Lega del Filo d'Oro, dieci anni di crescita accanto alle famiglie -

 L'aumento degli utenti racconta soprattutto una cosa: la capacità di raggiungere chi, altrimenti, resterebbe solo. Nello stesso periodo la presenza territoriale è passata da otto a dodici regioni italiane, un percorso destinato a proseguire con la prossima apertura della Sede Territoriale di Nuoro, che porterà la Fondazione anche in Sardegna.

È cresciuta anche la rete dei volontari, salita dai 592 del 2015 ai 769 del 2025: nell'ultimo anno hanno donato oltre 64mila ore, di cui 56.684 a diretto contatto con gli utenti. L'organico ha superato le 800 persone, contro le 570 di dieci anni fa, con 723 dipendenti a tempo indeterminato.

"Negli ultimi anni la Lega del Filo d'Oro ha continuato a crescere per rispondere in modo sempre più efficace ai bisogni delle persone sordocieche e delle loro famiglie, ma siamo consapevoli che il percorso da compiere è ancora lungo", spiega Rossano Bartoli, Presidente della Fondazione, che indica nel rafforzamento della presenza nei territori e nella centralità dei percorsi di vita di ogni persona la rotta dei prossimi anni.

"Liberi di scegliere": le richieste delle persone sordocieche -

 Accanto ai dati, la Fondazione porta all'attenzione pubblica le raccomandazioni emerse dalla Conferenza Nazionale delle Persone Sordocieche "Liberi di scegliere", che ribaltano la prospettiva: le persone sordocieche chiedono di essere riconosciute come una risorsa per la società, non come qualcuno da dover assistere.

Le richieste si articolano in quattro aree. Sul lavoro, la piena attuazione su tutto il territorio della legge 68/1999 e del decreto legislativo 62/2024, con la possibilità di riadattare la postazione e di contare su Job Coach. Sul tempo libero, il potenziamento dei servizi di assistenza alla mobilità — come la "Sala Blu" delle ferrovie e la "Sala Amica" degli aeroporti — estesi anche agli autobus a lunga percorrenza. Su sport e cultura, l'accessibilità di impianti, musei e biblioteche. Sulla resilienza, sulla capacità di reagire, percorsi per rafforzare l'autostima e affrontare il dolore, e protocolli che diano alle vittime di violenza — in particolare le donne — gli strumenti per affrancarsene. E, infine, il diritto a relazioni e affettività, contro i pregiudizi che ancora oggi lo limitano.

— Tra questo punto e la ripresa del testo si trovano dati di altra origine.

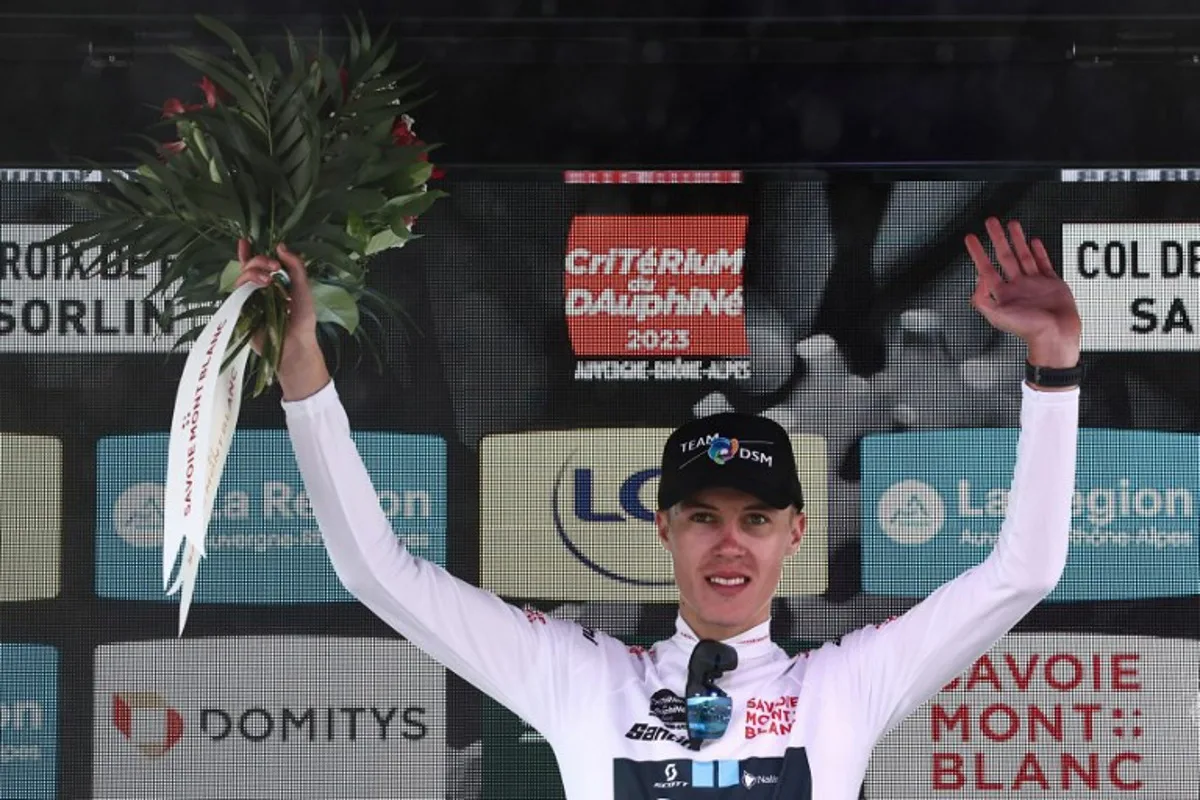 Team DSM's British rider Max Poole celebrates on the podium with the white jersey of overall best young during the seventh stage of the 75th edition of the Criterium du Dauphine cycling race, 148km between Port de Savoie to Col de la Croix de Fer - Saint Sorlin, France, on June 10, 2023.  Anne-Christine POUJOULAT / AFP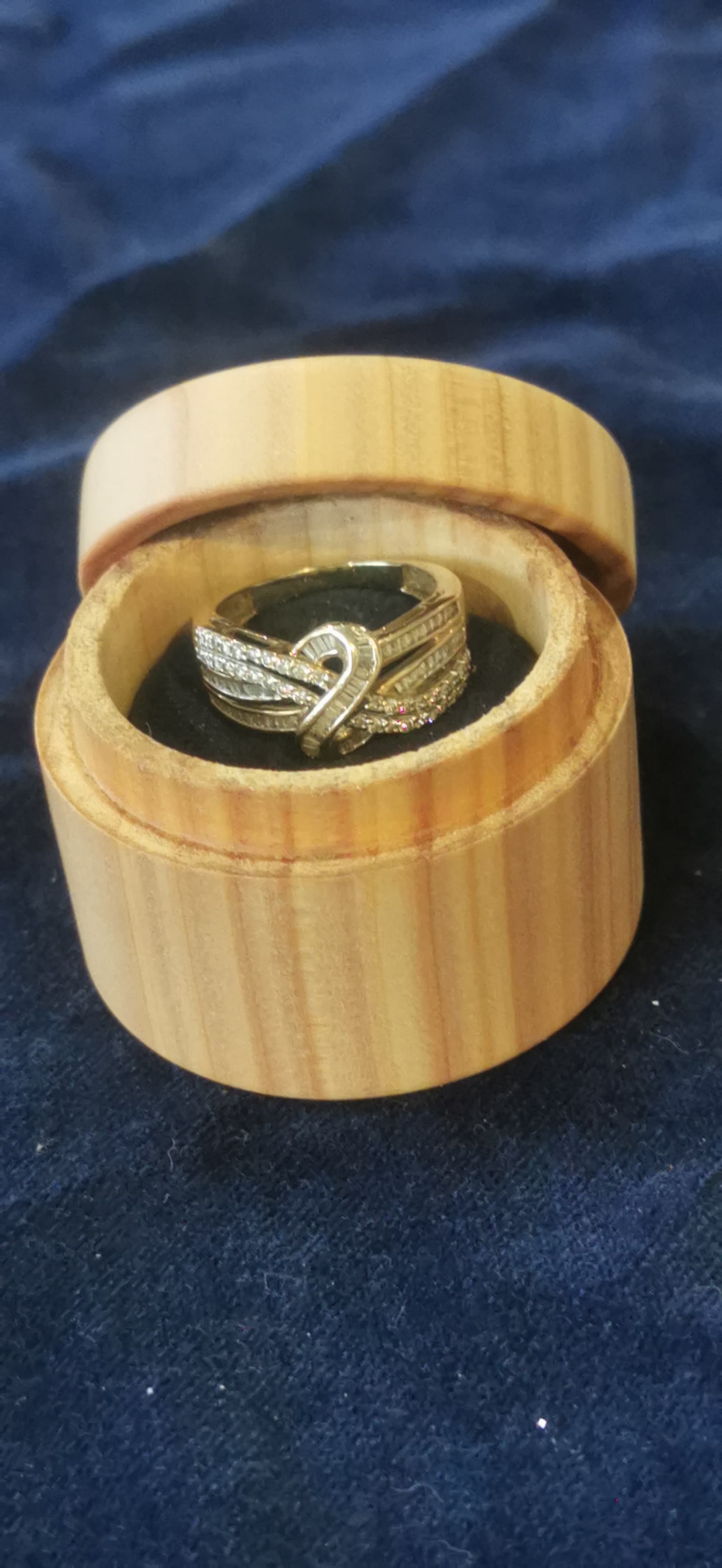 Custom-set ring displayed in a handmade timber box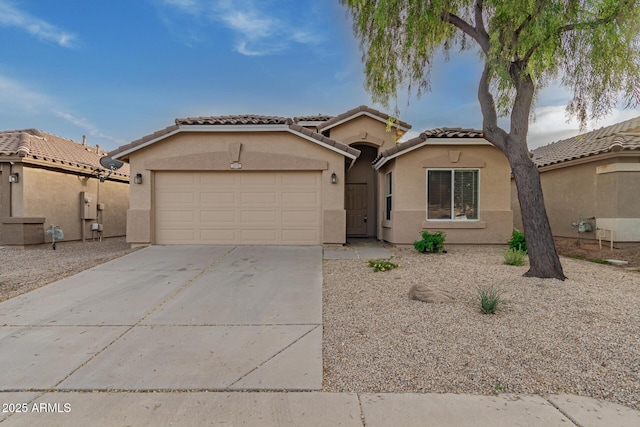 view of front of home with a garage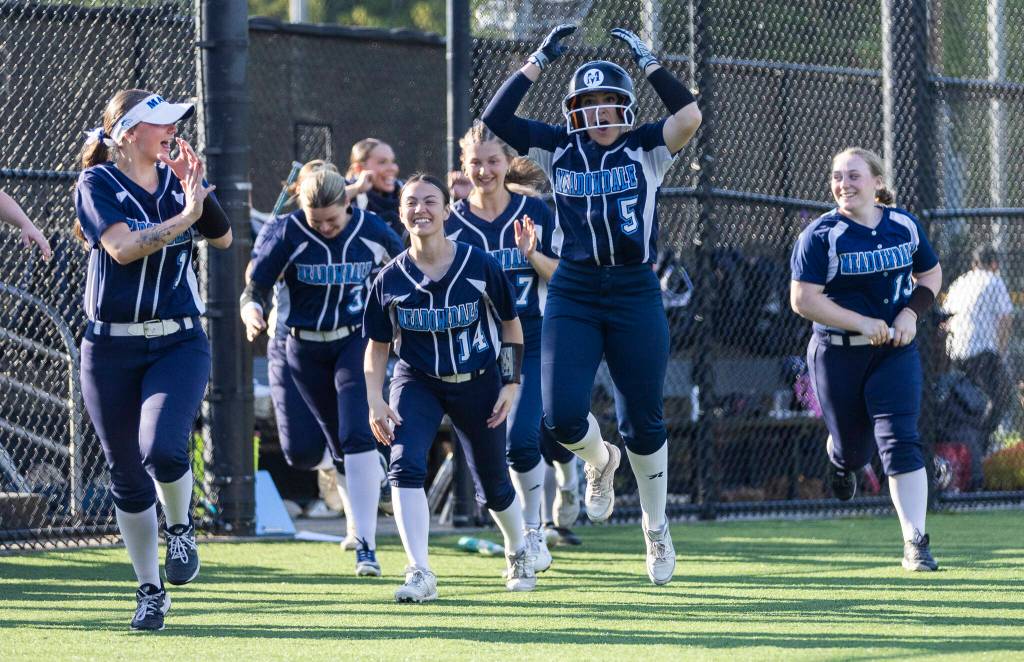 Meadowdale players react after Meadowdales Lillian McCormick hits a home run during the game against Shorewood on Thursday, April 30, 2026 in Lynnwood, Washington. (Olivia Vanni / The Herald)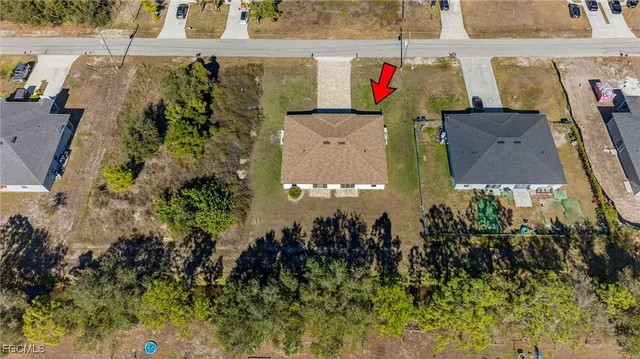 an aerial view of residential house with an outdoor space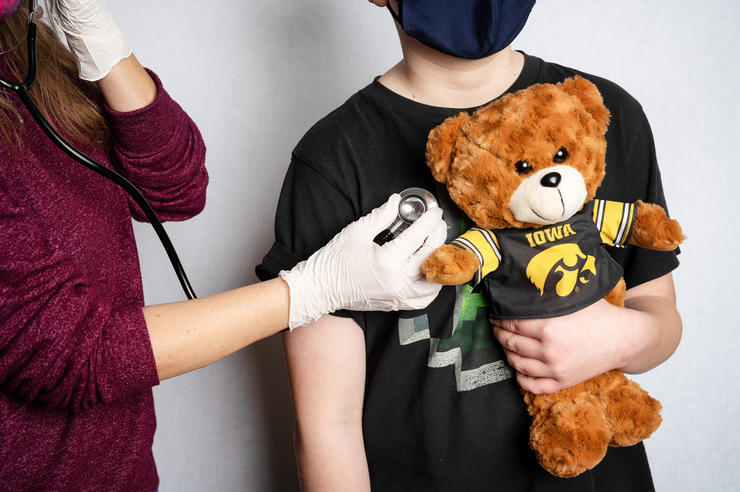 A child is examined while holding a teddy bear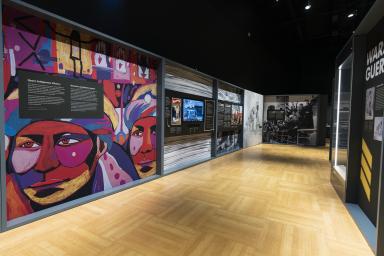 A museum gallery, in which the most visible panel is a colourful art piece depicting Indigenous faces and symbols.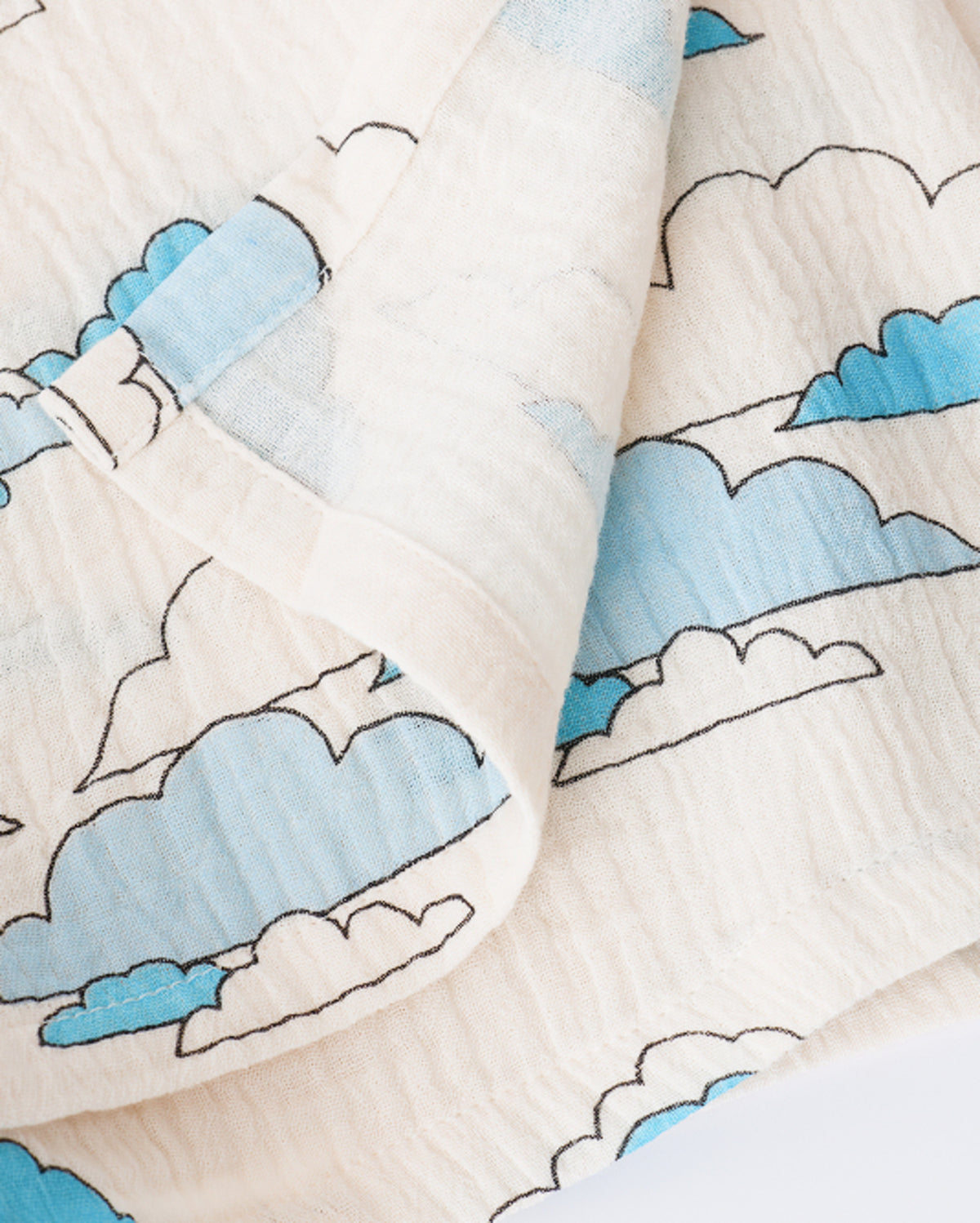Close up of the Organic Muslin Swaddle in Ivory Clouds, folded with corner flipped back to show reverse side, on a beige background.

"Per troppo tempo le persone sordocieche sono state considerate soprattutto in relazione ai loro bisogni di assistenza. Oggi è necessario cambiare prospettiva e riconoscere il loro valore come cittadini che possono contribuire attivamente alla società", sottolinea Francesco Mercurio, Presidente del Comitato delle Persone Sordocieche della Lega del Filo d'Oro.

Una richiesta che riguarda una platea ampia e spesso invisibile: in Italia le persone con sordocecità e pluridisabilità psicosensoriale sono oltre 360mila. A loro, da oltre sessant'anni, la Lega del Filo d'Oro garantisce assistenza, riabilitazione e rappresentanza dei diritti, con l'obiettivo di trasformare l'inclusione in una possibilità concreta.